Señoras, Señores, Amigos:
En primer lugar quiero agradecer la invitación que me hicieran para acompañarlos en este día tan especial, en el que conmemoramos un hecho histórico: la victoria de los Aliados y el Ejército Rojo sobre la Alemania nazi. El fin de la Segunda Guerra Mundial en la Vieja Europa, entonces.
Esta noche recordamos el fin a una tragedia que en algún momento pareciera interminable, pero que finalmente fuera anunciado, tras la batalla de Berlín, el 9 de mayo de 1945.
Atrás habían quedado, de pronto, los cinco años, ocho meses y siete días del horror de la Segunda Guerra Mundial. Atrás había quedado también el enorme crimen de lesa humanidad que conformara el Holocausto de los judíos, perpetrado por los nazis.
Digo esto cuando, en rigor, la Segunda Guerra Mundial se extendió algo más. Pero fuera de Europa. Concretamente hasta el 2 de septiembre de 1945, cuando se firmara, en aguas cercanas a Tokio, a bordo del acorazado Missouri de la armada norteamericana, la posterior capitulación de Japón.

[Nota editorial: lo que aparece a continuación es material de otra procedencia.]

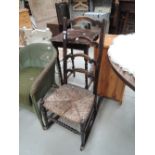 An early 20th century stained frame rocking chair having crest ladder back with rush seat and bobbin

Muy poco después de la llegada de la paz, nacieron las Naciones Unidas, esfuerzo que apuntó -de inicio- a demostrar que las guerras no son inevitables y en el cual los pueblos del mundo, como reza el propio exordio de la Carta de las Naciones Unidas, decidieron aunar sus esfuerzos y se declararon resueltos “a preservar a las generaciones venideras del flagelo de la guerra, que dos veces había infringido a la humanidad sufrimientos indecibles”. También decidieron -cabe agregar- reafirmar su fe en los derechos fundamentales y en la dignidad de la persona humana; en la igualdad de derechos de hombres y mujeres y de las naciones grandes y pequeñas, recordando, de paso, la necesidad de practicar la tolerancia y convivir en paz. Objetivos esenciales y permanentes, aunque no siempre respetados.
Lo cierto es que basta con mirar brevemente en nuestro derredor para comprobar que, pese a lo mucho que la comunidad internacional ha avanzado en la búsqueda de esos objetivos, queda una tarea constante por hacer, desde que los peligros que se procuraron definir y erradicar en 1945 aún subsisten en distintos rincones del mundo. Esta es la realidad. No otra. Cruda. Dura. Y, en más de un caso, hasta brutal.

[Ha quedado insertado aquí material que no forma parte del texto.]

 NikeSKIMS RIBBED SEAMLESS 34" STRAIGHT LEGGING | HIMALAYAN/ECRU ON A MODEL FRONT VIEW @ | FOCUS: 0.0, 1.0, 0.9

En un libro reciente, Timothy Snyder define a las tierras de Europa Central en aquellos días como a las “Tierras de Sangre”. Allí una ola de violencia caracterizó particularmente a la consolidación del régimen nazi, entre 1933 y 1938, a la ocupación germano-soviética de Polonia, entre 1939 y 1941, y, más aún, al capítulo de la guerra mundial que enfrentara a las fuerzas del nazismo con las de los soviéticos. Los nazis -responsables del Holocausto- hicieron además morir de hambre a unos tres millones de prisioneros de guerra rusos y a más de un millón de personas en las ciudades sitiadas, como Leningrado. Dos utopías, alimentadas ambas por odios apasionados, generaron ese atroz baño de sangre.
Como nos recuerda Elie Wiesel, en un libro formidable escrito en 1958, (“Noche”) los nazis soñaron siempre con poder construir una sociedad en la que no hubiera lugar para los judíos. Y, cuando tuvieron conciencia de que su fracaso era inevitable, su conducta inhumana apuntó a dejar un mundo en ruinas, en el que los judíos parecieran no haber existido jamás. Por esto el exterminio que pusieron en marcha no sólo se dirigió contra las personas, sino también contra la cultura judía, contra sus tradiciones y hasta contra su memoria. Ocurre que su odio no tenía límites.
Pero, también por esto, no es posible olvidar jamás lo sucedido. Hasta los sesenta, nos dice Wiesel, la actitud general respecto del Holocausto tenía algún componente de indiferencia. Esto ya no es así. Y está claro que es responsabilidad de todos que lo sucedido no se olvide. Ni se minimice. Ni se banalice.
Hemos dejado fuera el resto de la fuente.